PROMPT: Where the string "Daily" appears in a line of the data, show that line.
INPUT DATA: Begin
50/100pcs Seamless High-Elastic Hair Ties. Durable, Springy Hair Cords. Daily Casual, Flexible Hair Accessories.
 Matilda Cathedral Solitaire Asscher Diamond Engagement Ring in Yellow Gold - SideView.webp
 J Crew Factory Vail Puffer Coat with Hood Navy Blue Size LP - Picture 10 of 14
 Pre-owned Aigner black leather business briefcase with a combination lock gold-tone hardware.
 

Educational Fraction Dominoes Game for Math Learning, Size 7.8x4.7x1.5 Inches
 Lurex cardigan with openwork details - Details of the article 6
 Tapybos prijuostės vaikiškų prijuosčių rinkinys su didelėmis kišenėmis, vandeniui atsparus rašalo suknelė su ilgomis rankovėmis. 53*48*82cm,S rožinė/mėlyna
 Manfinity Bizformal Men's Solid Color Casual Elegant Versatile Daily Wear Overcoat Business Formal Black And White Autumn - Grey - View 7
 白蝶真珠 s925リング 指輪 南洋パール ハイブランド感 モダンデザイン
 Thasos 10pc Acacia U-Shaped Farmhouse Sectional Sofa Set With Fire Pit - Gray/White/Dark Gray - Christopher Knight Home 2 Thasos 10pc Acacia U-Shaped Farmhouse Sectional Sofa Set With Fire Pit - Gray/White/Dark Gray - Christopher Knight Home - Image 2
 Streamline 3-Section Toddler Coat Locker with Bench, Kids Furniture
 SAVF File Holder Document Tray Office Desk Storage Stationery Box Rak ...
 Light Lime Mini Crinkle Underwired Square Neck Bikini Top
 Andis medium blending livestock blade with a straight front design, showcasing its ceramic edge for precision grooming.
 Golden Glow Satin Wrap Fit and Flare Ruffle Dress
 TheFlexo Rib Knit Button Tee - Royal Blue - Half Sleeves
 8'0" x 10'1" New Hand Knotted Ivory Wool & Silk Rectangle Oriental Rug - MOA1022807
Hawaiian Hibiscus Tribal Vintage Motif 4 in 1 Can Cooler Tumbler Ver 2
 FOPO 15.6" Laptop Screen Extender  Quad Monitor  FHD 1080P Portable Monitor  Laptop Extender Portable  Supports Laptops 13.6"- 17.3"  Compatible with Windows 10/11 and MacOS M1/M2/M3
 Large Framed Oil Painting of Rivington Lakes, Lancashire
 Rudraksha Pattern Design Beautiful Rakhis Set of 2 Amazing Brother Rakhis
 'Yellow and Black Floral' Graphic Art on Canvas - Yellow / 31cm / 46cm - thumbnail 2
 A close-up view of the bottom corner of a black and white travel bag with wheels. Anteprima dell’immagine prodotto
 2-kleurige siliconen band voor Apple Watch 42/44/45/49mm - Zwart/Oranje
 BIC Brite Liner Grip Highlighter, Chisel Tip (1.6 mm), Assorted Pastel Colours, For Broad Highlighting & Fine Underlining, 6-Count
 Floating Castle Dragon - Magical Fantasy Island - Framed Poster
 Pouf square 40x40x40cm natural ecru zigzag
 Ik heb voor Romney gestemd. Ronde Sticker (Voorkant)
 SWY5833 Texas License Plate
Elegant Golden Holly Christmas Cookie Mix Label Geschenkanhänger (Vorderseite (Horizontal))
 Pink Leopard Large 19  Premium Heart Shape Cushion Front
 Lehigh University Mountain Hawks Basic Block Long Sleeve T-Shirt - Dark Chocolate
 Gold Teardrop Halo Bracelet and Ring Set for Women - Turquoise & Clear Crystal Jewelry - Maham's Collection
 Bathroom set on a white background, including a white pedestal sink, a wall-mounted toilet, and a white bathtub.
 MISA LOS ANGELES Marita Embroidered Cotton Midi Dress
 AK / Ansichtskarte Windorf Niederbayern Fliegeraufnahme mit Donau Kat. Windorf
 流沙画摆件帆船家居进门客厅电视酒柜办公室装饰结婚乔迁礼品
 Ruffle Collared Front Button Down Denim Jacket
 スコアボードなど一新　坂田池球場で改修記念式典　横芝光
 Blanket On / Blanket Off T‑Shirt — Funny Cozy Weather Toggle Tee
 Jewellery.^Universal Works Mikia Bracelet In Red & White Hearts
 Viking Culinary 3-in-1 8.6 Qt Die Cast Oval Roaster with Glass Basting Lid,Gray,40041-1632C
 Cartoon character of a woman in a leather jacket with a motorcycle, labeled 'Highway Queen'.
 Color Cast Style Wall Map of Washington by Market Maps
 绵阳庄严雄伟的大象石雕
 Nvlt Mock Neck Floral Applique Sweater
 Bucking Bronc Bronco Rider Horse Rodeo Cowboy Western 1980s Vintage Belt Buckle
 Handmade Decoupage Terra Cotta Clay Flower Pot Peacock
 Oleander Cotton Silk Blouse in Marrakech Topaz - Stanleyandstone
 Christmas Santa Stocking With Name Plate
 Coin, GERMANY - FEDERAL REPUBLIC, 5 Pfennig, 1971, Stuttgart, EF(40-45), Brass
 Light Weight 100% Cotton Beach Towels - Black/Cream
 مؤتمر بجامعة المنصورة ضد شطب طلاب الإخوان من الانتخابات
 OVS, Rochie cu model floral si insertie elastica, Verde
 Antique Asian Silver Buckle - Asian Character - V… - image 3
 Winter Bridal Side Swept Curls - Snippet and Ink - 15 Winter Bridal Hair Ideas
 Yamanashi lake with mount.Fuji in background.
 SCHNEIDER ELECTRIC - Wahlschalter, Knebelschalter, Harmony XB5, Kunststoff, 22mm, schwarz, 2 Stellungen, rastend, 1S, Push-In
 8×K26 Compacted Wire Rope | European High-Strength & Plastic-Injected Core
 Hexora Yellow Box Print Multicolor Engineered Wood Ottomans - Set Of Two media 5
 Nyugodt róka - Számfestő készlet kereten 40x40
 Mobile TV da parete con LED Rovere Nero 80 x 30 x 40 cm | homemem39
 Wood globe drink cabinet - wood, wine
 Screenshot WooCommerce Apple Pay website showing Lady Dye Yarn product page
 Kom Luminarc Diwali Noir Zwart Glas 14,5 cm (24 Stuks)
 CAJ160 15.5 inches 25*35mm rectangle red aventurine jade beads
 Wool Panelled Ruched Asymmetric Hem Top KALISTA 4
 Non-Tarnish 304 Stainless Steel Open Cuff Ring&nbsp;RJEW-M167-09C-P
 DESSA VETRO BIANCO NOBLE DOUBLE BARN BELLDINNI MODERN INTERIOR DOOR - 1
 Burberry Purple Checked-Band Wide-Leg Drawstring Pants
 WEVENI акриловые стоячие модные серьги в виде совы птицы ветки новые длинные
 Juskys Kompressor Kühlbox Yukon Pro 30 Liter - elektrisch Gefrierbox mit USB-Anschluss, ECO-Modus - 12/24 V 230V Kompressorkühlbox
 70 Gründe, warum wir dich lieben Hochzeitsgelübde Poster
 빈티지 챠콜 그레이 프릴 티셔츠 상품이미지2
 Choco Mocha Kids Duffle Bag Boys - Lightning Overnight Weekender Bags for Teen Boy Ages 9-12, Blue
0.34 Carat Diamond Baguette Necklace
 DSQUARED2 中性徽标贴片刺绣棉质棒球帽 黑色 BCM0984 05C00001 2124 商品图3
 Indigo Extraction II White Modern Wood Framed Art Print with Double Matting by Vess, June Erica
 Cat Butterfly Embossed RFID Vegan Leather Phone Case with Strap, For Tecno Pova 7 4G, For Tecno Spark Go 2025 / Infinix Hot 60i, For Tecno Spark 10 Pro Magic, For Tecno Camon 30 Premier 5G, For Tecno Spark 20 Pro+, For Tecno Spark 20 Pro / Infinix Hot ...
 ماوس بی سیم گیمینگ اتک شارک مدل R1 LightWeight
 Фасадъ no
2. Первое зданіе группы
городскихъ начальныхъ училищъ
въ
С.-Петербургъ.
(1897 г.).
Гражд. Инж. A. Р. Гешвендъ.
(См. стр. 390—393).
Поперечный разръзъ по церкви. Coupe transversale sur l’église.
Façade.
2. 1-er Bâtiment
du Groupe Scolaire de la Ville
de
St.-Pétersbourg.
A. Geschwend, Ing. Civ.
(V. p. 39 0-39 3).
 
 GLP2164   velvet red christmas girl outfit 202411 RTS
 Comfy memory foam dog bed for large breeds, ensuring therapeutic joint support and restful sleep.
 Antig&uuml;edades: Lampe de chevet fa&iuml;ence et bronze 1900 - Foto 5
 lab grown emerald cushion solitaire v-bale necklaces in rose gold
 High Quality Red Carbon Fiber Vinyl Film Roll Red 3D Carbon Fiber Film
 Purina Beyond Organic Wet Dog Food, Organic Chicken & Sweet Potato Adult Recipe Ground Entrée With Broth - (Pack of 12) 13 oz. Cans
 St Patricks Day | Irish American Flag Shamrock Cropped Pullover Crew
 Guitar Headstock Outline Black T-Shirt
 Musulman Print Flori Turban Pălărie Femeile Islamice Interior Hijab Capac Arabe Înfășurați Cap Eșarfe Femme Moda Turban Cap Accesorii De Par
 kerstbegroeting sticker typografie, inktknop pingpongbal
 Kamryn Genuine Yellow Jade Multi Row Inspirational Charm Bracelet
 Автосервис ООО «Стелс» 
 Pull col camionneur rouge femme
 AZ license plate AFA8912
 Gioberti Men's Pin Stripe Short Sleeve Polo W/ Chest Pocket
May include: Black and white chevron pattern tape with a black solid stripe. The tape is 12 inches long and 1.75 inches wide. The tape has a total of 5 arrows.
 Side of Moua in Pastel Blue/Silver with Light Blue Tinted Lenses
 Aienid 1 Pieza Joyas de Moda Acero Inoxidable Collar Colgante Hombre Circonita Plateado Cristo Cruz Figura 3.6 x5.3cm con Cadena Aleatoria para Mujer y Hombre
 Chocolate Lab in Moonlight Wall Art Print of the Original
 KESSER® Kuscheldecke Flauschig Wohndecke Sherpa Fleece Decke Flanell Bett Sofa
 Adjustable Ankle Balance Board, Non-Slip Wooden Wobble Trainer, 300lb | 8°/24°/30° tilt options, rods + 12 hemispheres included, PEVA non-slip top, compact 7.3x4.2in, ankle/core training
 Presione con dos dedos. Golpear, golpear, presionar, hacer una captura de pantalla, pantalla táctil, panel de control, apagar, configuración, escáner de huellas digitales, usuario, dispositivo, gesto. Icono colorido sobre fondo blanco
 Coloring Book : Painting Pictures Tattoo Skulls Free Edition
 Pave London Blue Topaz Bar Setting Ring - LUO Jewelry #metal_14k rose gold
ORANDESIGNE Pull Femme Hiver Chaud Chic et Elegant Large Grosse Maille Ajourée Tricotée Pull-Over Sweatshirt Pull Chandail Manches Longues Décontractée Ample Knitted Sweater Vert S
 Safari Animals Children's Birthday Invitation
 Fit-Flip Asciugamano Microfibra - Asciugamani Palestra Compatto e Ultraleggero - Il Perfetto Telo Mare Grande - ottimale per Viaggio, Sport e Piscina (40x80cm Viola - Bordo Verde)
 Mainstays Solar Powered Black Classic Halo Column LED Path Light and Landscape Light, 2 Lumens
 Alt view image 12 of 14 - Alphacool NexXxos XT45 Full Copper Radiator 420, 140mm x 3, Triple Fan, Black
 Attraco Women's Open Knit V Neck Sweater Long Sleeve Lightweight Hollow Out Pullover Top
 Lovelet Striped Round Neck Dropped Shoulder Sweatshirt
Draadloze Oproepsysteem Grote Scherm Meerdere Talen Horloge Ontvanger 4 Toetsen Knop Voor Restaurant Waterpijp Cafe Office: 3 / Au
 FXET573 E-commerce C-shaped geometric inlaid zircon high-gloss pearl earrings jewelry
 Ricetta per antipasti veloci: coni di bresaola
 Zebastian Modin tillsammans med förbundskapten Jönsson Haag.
INPUT DATA: End
ANSWER SPACE:
50/100pcs Seamless High-Elastic Hair Ties. Durable, Springy Hair Cords. Daily Casual, Flexible Hair Accessories.
 Manfinity Bizformal Men's Solid Color Casual Elegant Versatile Daily Wear Overcoat Business Formal Black And White Autumn - Grey - View 7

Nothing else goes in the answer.